◆ Exercise directions ◆
The required output is the run of lines from the one holding "シャトー宿院(ワンルーム/8階)の間取り写真" through the final line of the listing, restated word for word, with no pictures.

Data provided Block Start

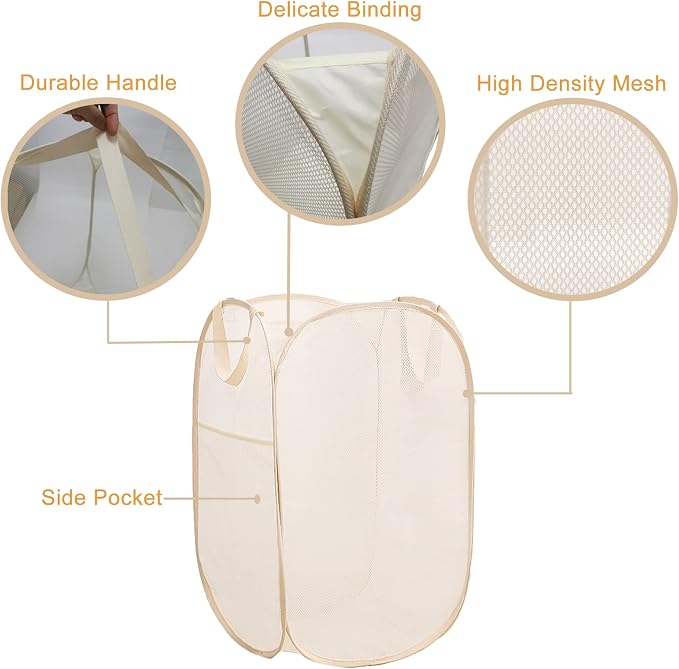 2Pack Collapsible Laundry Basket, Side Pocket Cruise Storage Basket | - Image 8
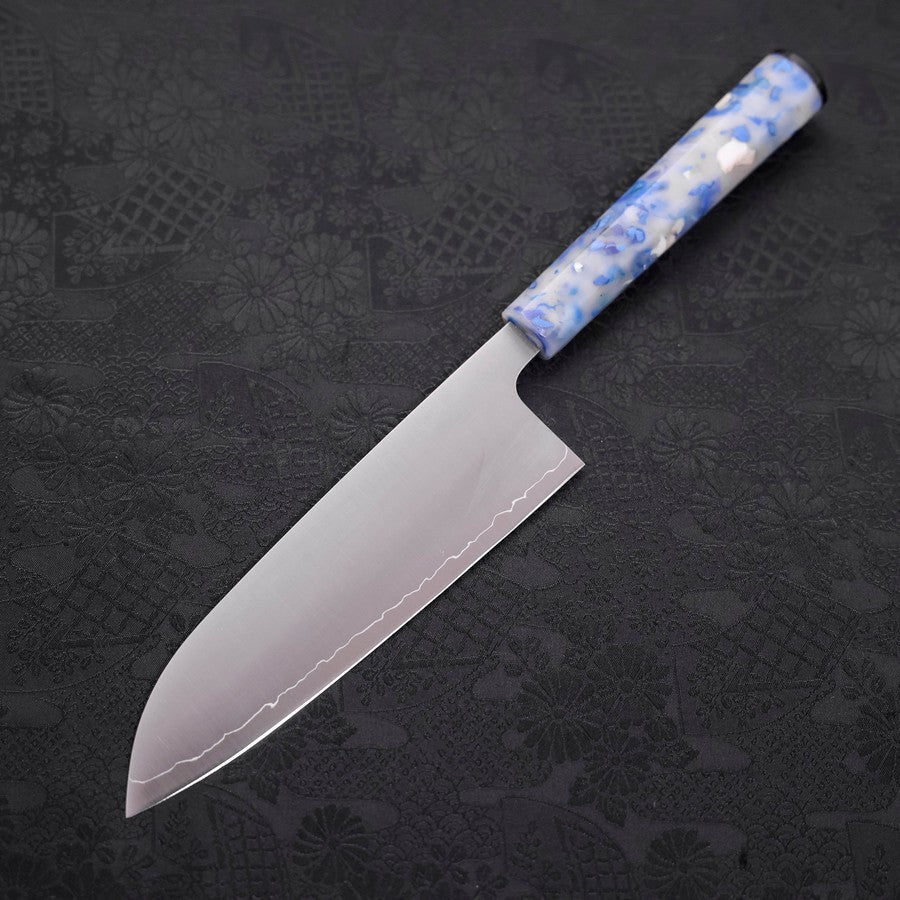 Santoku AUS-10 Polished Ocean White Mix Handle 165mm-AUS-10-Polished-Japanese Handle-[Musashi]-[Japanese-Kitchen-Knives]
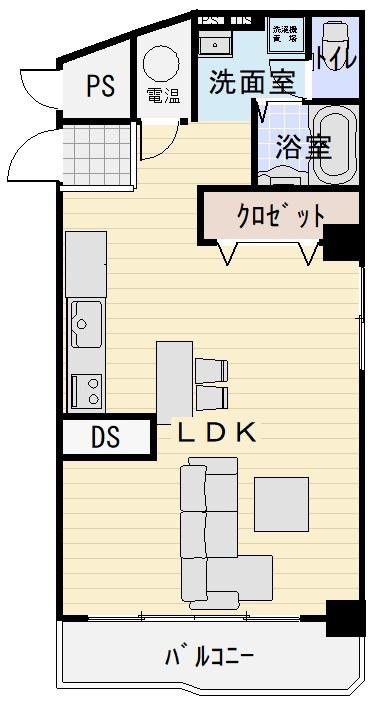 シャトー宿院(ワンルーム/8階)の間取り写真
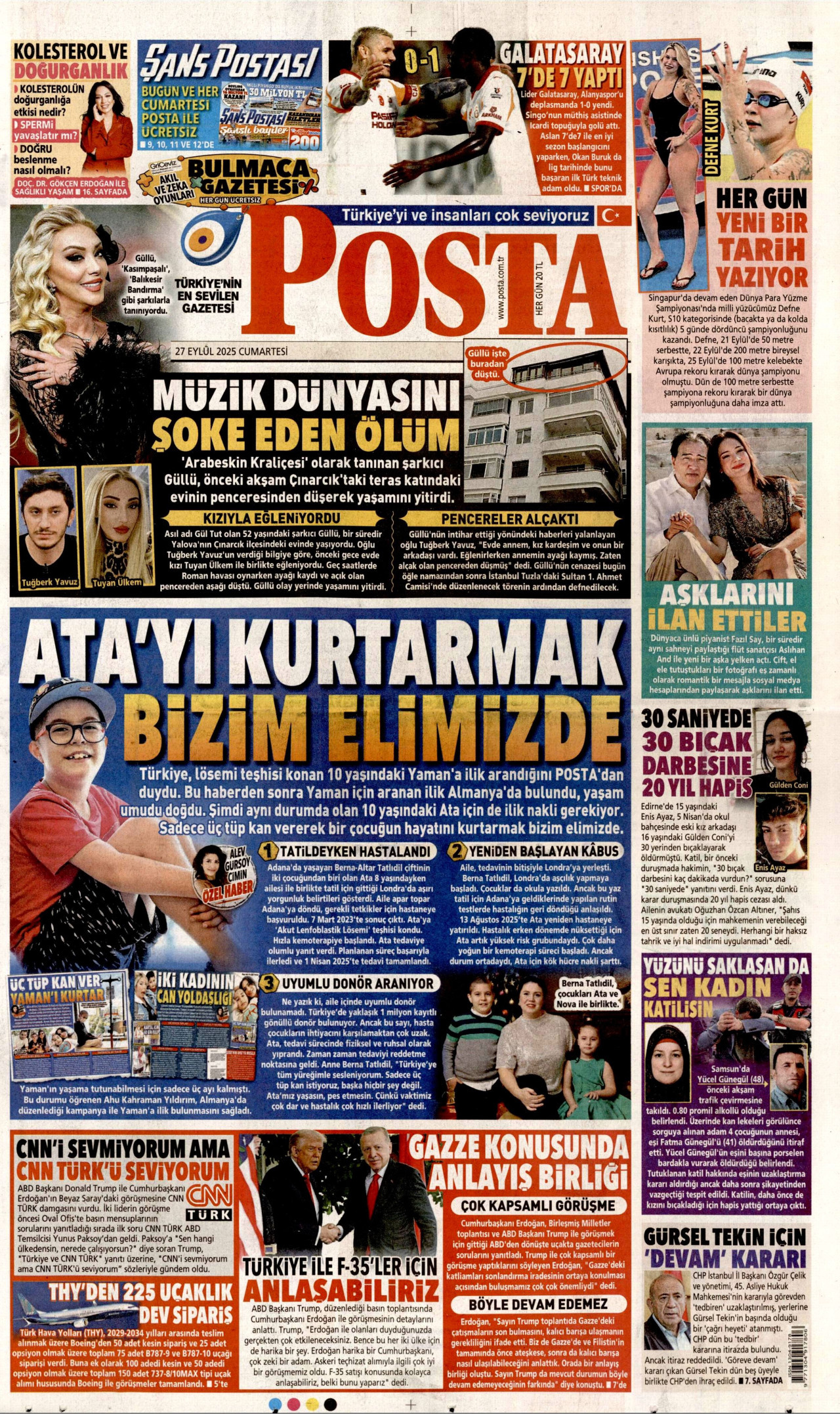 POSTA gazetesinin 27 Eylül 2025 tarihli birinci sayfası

Data provided Block End

◆ Response below ◆
 シャトー宿院(ワンルーム/8階)の間取り写真
 POSTA gazetesinin 27 Eylül 2025 tarihli birinci sayfası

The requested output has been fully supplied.